読者です 読者をやめる 読者になる 読者になる

自治体職員の読書ノート

仕事は福祉系。読書は雑食性。業務連絡はnsa59871atmarkexcite.co.jpへどうぞ。

【1698冊目】柳田国男『山の人生』

柳田国男5冊目。

思えば、日本は山の国であった。

一部の大都市は別として、たいていの都市では、中心市街地からちょっと外れの方に行けば、もう街並みの向こうには山並みが見える。もっと小さな町や村なら、山はすぐ目の前にある存在だ。現代でさえそうなのだから、本書が書かれた大正時代では、山と人々の暮らしは相当に密接なものだったろう。

ただ密接とは言っても、多くの人々が住んでいるのは「里」であり、山はあくまで「外部」だった。いわば山は、人々にとってもっとも身近な「異界」であったのだ。そこには天狗がいて、山人がいて、山姥がいた。子どもが不意にいなくなる神隠しなどは、たいてい山の中に連れ去られるのが相場であった。さらに言えば、庶民の信仰もまた、山の神をはじめとした自然神であったのだ。

「信仰の基礎は生活の自然の要求にあって、強いて日月星辰というがごとき壮麗にして物遠いところには心を寄せず、四季朝夕の尋常の幸福を求め、最も平凡なる不安を避けようとしていた結果、夙に祭を申し謹み仕えたのは、主としては山の神荒野の神、または海川の神を出でなかったのである」(p.174)


本書はそうした山にまつわる伝承やら神話やらを集成した一冊だ。本書を読むと、山と里との関わりは、大きく二種類あることがうかがえる。里の者が山に行くパターンと、逆に山の者が里に来るパターンだ。

前者としては神隠しのようなものがもっとも多い。子どものみならず、産後に気の触れた女性がそのまま山に入るようなものもある。多くは行方不明となった理由を山に求めているのだろうが、中には神隠しから戻ってきた児童の話などもある。

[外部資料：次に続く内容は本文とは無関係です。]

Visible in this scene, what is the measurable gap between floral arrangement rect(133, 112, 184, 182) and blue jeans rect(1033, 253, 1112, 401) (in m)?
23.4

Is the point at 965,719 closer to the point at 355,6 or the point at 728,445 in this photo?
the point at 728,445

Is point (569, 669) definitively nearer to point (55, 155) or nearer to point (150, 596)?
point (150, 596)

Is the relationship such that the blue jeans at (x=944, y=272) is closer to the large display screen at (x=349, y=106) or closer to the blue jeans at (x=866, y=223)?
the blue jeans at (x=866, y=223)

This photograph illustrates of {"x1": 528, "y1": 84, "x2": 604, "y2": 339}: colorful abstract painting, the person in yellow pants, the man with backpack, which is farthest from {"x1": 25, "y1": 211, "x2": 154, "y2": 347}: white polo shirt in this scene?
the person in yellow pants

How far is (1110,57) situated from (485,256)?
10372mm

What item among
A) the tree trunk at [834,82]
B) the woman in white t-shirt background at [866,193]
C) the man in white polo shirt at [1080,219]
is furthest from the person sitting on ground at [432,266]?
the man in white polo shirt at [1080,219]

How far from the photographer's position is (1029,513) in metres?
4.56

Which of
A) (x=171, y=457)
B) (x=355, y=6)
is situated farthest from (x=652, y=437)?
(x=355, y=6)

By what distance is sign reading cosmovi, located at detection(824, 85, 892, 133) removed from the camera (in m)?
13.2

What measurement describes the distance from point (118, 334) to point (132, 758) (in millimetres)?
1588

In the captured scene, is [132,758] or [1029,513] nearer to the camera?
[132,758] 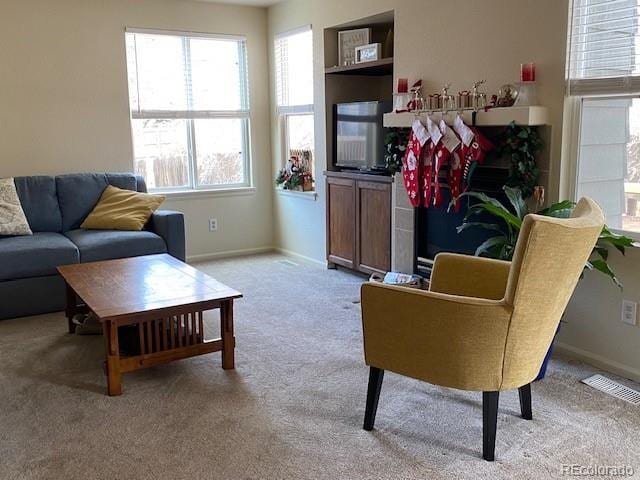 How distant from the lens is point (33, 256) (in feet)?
12.8

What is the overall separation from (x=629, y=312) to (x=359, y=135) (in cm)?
247

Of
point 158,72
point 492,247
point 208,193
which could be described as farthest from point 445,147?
point 158,72

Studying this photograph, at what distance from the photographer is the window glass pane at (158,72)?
5.25 m

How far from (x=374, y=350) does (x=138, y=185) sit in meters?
3.30

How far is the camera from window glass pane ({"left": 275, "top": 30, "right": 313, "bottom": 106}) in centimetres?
534

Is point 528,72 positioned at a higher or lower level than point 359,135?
higher

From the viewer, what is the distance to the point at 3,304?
12.7 feet

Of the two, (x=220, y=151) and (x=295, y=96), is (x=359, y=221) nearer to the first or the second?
(x=295, y=96)

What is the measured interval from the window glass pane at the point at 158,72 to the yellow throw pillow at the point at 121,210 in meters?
0.98

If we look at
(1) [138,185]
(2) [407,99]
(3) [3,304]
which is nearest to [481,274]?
(2) [407,99]

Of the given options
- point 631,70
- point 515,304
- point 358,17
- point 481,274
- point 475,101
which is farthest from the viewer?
point 358,17

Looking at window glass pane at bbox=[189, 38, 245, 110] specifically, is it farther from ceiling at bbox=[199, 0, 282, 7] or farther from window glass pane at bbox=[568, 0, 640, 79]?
window glass pane at bbox=[568, 0, 640, 79]

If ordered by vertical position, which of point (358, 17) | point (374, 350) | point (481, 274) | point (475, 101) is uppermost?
point (358, 17)

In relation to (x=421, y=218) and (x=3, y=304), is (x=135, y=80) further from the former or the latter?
(x=421, y=218) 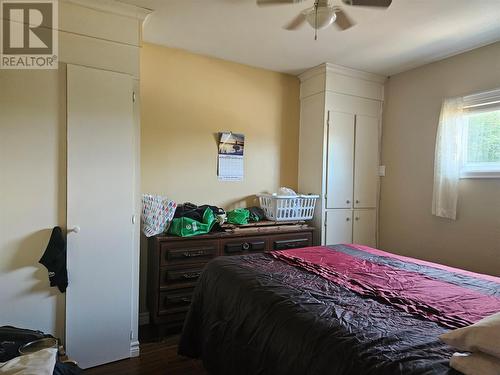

面白いのは、神隠しに遭いやすい気質のようなものがあるという話で、柳田自身も幼い頃、危なかったことがあるらしい。

さらに神がかりになりやすい児童もいて、「七歳の少童が庭に飛び降って神怪驚くべき言を発した」(p.40)ようなケースはけっこう多いらしい。これは託宣として尊ばれ、それどころか、こうした神がかり傾向のある子どもを探しだして「神童」として託宣を求めることもあった。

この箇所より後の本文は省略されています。